Yup. Quite a super-squad there. With that said, let’s get on to the star of today’s show. Everybody, start your engines. Vroom vroom vroooooom…

Surprisingly, for a game centered around driving speedy cars quickly and aggressively, Midnight Club: Street Racing kind of had a story behind all its engine-driven action. Granted, around that timeframe, my experience was fairly limited to car-related adventures through things like Vigilante 8, Super Mario Kart, and Crash Team Racing, where vehicular combat was the central element, and it didn’t matter who was behind the wheel so long as they could toss projectiles out like everyone else. So, taking place in both New York City and London, you’re a bored-as-bored-gets cabbie looking for some street-style racing action…for reasons. Magically, you stumble across your first challenger named Emilio and are then invited to join the titular Midnight Club to continue proving your worth and burning gang leaders in races. There’s no real introduction, and the dialogue sections are flat images with character portraits speaking while two cars sit idly next to each other. Look, it’s not Great Expectations, or even Fast Five, but it’s something.

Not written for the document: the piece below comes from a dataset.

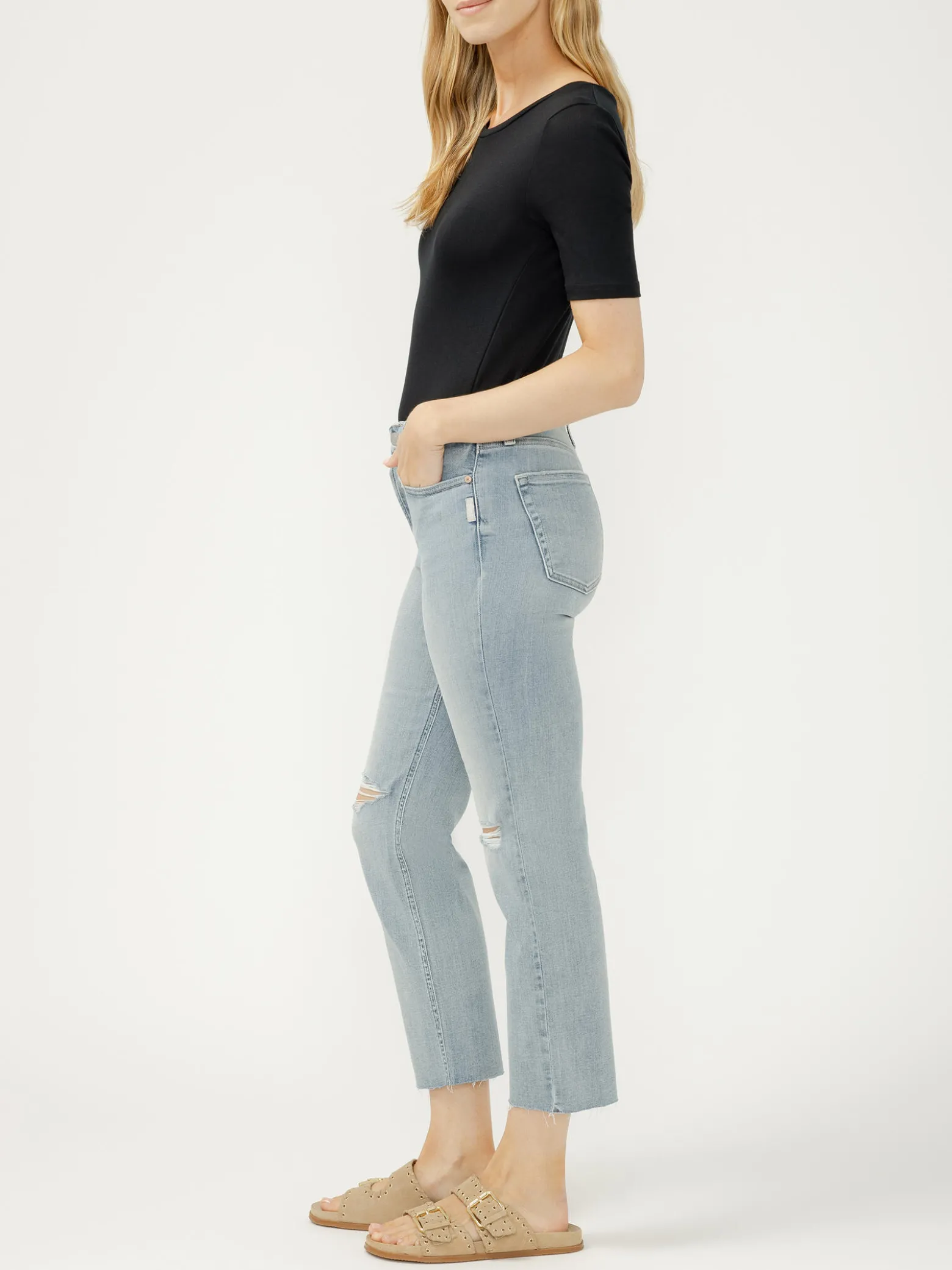 Most Wanted Mid Rise Cropped Straight Leg Luxe Stretch Jeans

Not shockingly, when you see that Rockstar had a hand in this, but Midnight Club: Street Racing is a bit open-worldish. Y’know, a genre just starting to hit its stride then. You’re able to cruise around the respective cities, looking for trouble in the form of hookmen, which are visible on your mini-map, which, when you glance at the screenshot above, defies the definition of the word mini greatly. I mean, that was the UI for the era–big, bright, and loud. Anyways, once you get behind them, you’ll have to keep up with their ride until they feel that you’re worthy of a race, which is you against that driver’s entire posse. Also, you can call up these hookmen on your cell phone–a novel concept back then–for a more fair one-on-one race. If you win the race, you get to add your opponent’s car to your garage, which I guess is akin to carving up a dead animal and wearing its skin as a prize. I don’t know a lot about cars.

I remember being initially impressed by the scale of Midnight Club: Street Racing offered, but do remember the cities feeling lifeless and empty. Now, I’ve only ever been to New York City, and I remember a lot of cars and honking while there, as well as swarms of people; here, it is just mostly empty streets, with little traffic to deal with, and that just wouldn’t cut it today. Still, one must consider that this game came out before things like Grand Theft Auto III and Need for Speed: Hot Pursuit 2. It was also frustrating that, to even start a race with another member of the Midnight Club, you needed to follow them to the starting line first, weaving through traffic and praying they didn’t get too far ahead of your slow whip, which was often more challenging than the race itself.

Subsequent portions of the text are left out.